# Recommendation algorithms in Python

In this lab, we will implement different recommendation algorithms and evaluate their performance on a movie rating prediction task.

**Task 1:** First, we will build a simple item-based kNN recommendation algorithm with different item feature representations.
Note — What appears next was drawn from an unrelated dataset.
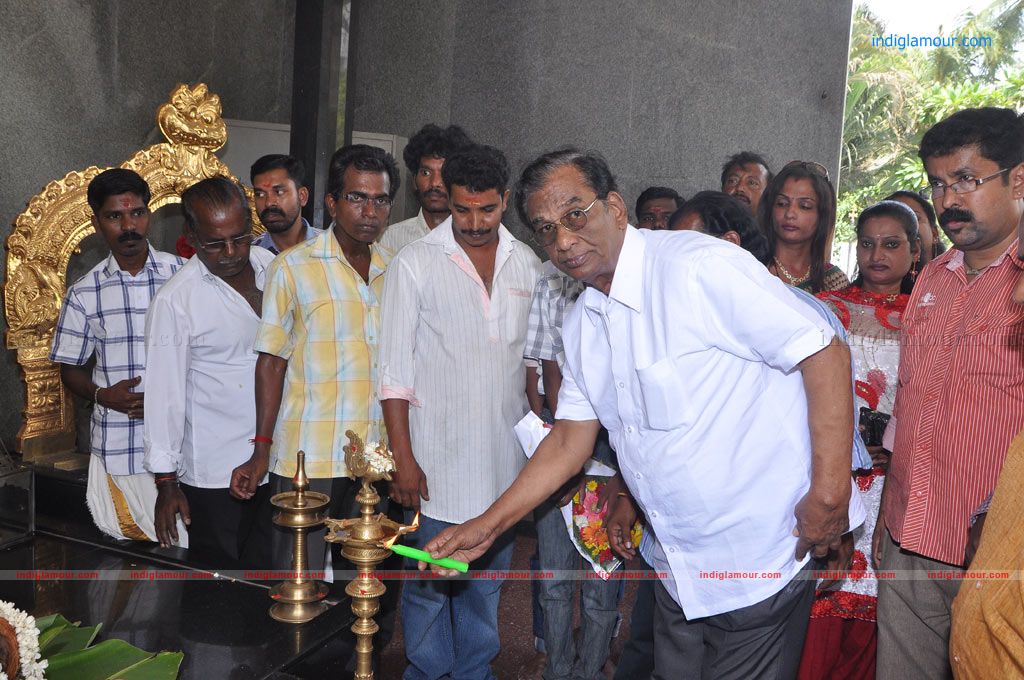 Idhu Oru Kadhal Puthumai Movie Launch Event hd photo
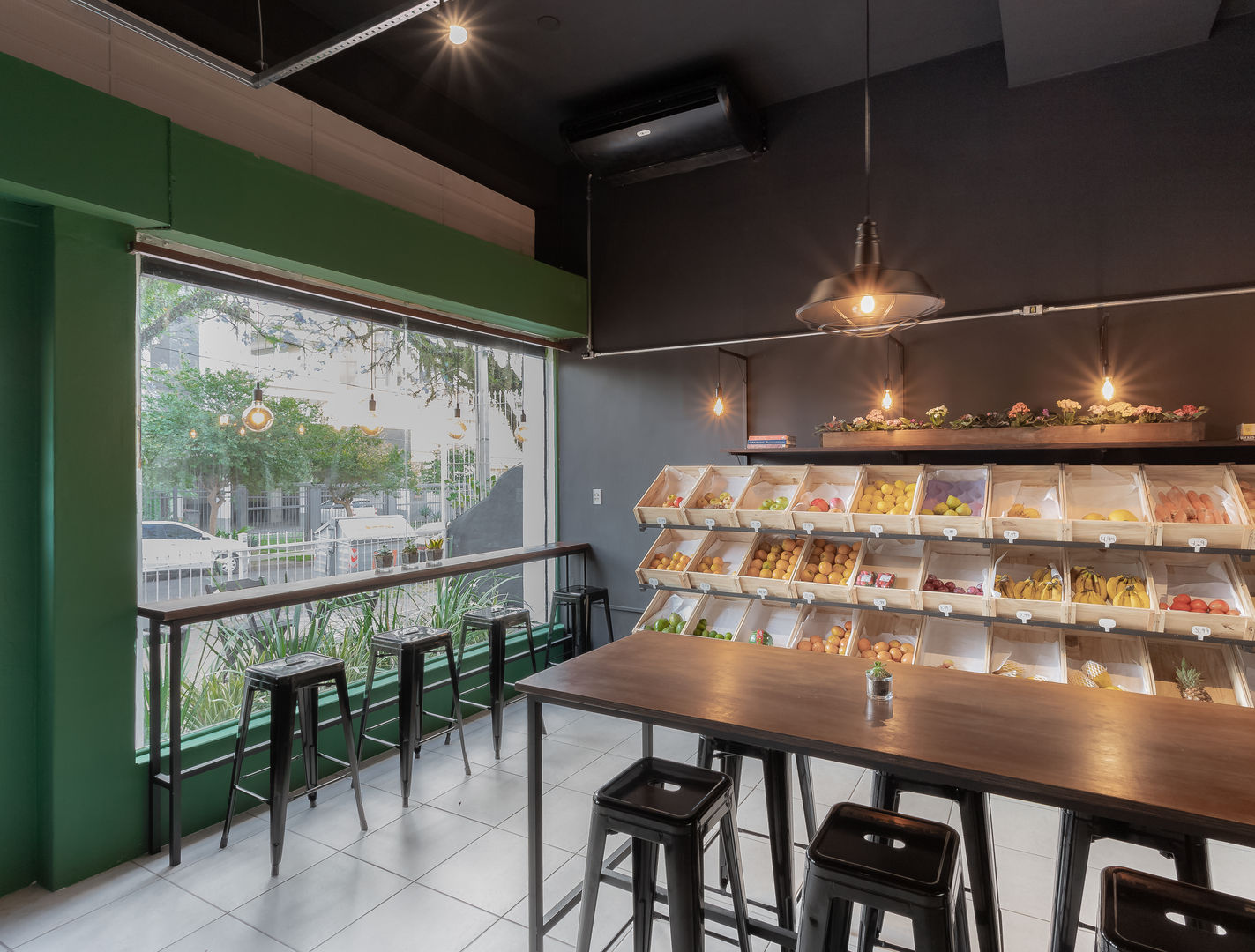 Cuatro Café e Fruta - Fruteira e Cafeteria em Porto Alegre, AIRE Arquitetura Interiores e Retail AIRE Arquitetura Interiores e Retail Commercial spaces Commercial Spaces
We will visualize the item vectors on a 2D plot.

**Task 2:** Next, we will use the `surprise` Python package with different collaborative filtering recommendation algorithm implementations and compare their performance for different hyperparametes setting on a standard movie ratings dataset. 

In [None]:
import urllib.request
import pandas as pd
import numpy as np
import zipfile
import os
import datetime

from matplotlib import pyplot as plt
from pandas.plotting import register_matplotlib_converters
register_matplotlib_converters()

import seaborn as sns
import umap 
import plotly
import plotly.express as px

## Task 1: Item-based kNN recommendations with different item representations

First, we wil implement an item-based approach to recommendations based on k Nearest Neighbors (kNN) model. 

### Read the data
We use a small version of the popular MovieLens movie recommendation dataset from GroupLens https://grouplens.org/datasets/movielens/

In [None]:
data_url = 'http://files.grouplens.org/datasets/movielens/ml-latest-small.zip'
urllib.request.urlretrieve(data_url, 'movielens.zip')
movies_file = zipfile.ZipFile('movielens.zip')
data_filename = 'ml-latest-small'

ratings = pd.read_csv(movies_file.open('ml-latest-small/ratings.csv'))
movies = pd.read_csv(movies_file.open('ml-latest-small/movies.csv'))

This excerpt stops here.